* PROVIDED RECORDS *

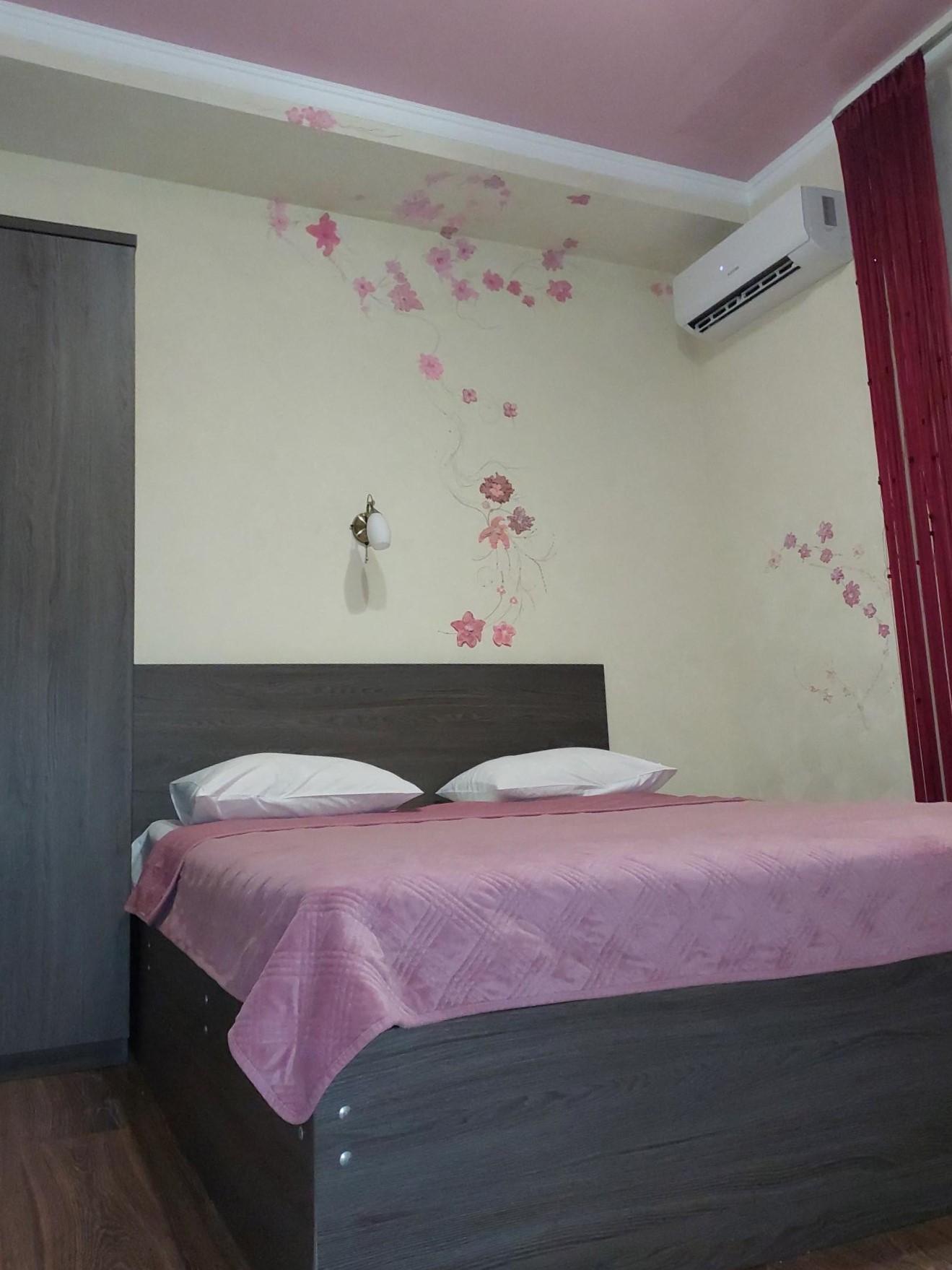 Фото Mozart Hall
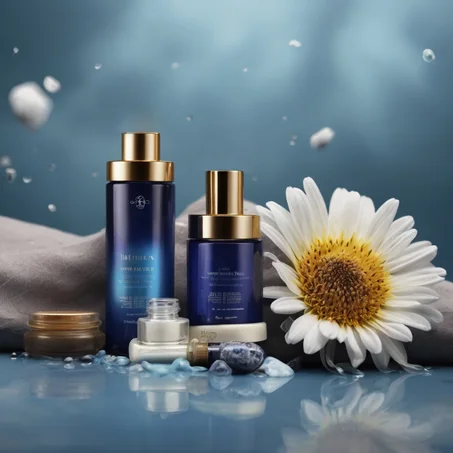 الصحة والجمال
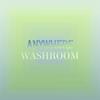 Anywhere Washroom - Dard Bico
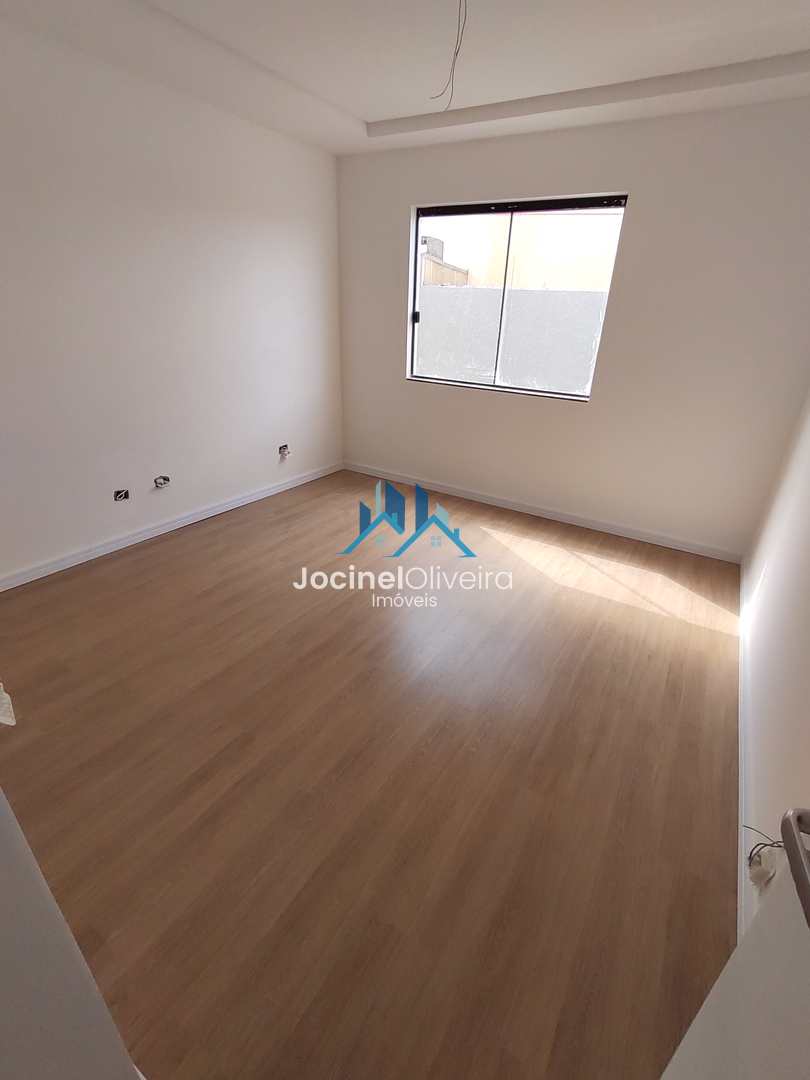 Sobrado à venda com 3 quartos, 151m² - Foto 12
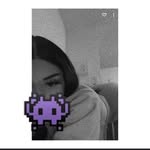 Leonie - @leonie_sanchez021 - Instagram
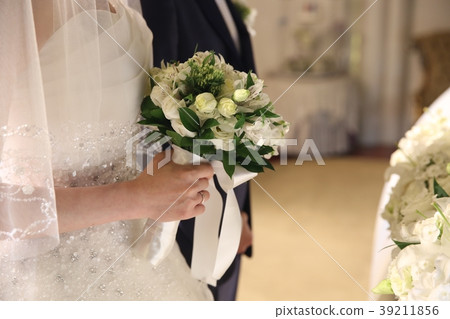 Wedding photo 39211856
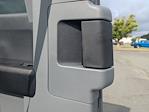 New 2025 Ford F-350 XLT Super Cab 4WD SRW Pickup for sale #T258149 - photo 26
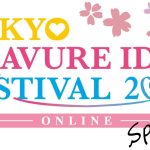TGIF × 春のTGIF ONLINE 2024 4/23 1日目★アイドル大集合！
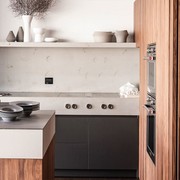 IMI Concrete Surfaces gallery detail image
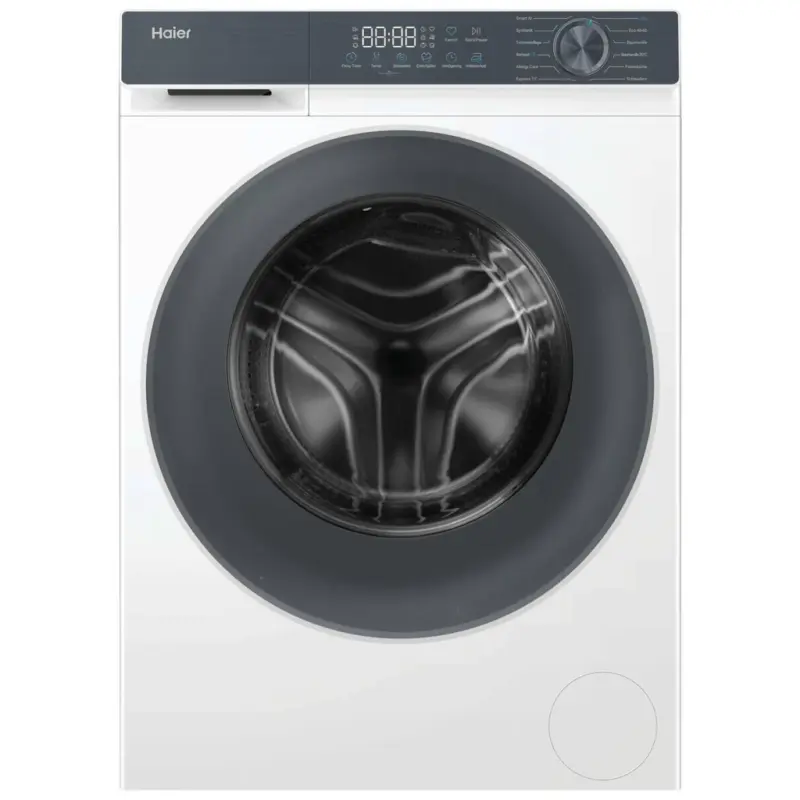 Haier Waschmaschine HW70-BP14637T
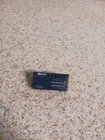 Vintage 1980 Kenner Star Wars ESB Imperial Attack Base Land Mine Part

* WHAT YOU WILL DO *
Reproduce every entry above in full and exactly, though not its pictures.

* COMPLETED TASK *
 Фото Mozart Hall
 الصحة والجمال
 Anywhere Washroom - Dard Bico
 Sobrado à venda com 3 quartos, 151m² - Foto 12
 Leonie - @leonie_sanchez021 - Instagram
 Wedding photo 39211856
 New 2025 Ford F-350 XLT Super Cab 4WD SRW Pickup for sale #T258149 - photo 26
TGIF × 春のTGIF ONLINE 2024 4/23 1日目★アイドル大集合！
 IMI Concrete Surfaces gallery detail image
 Haier Waschmaschine HW70-BP14637T
 Vintage 1980 Kenner Star Wars ESB Imperial Attack Base Land Mine Part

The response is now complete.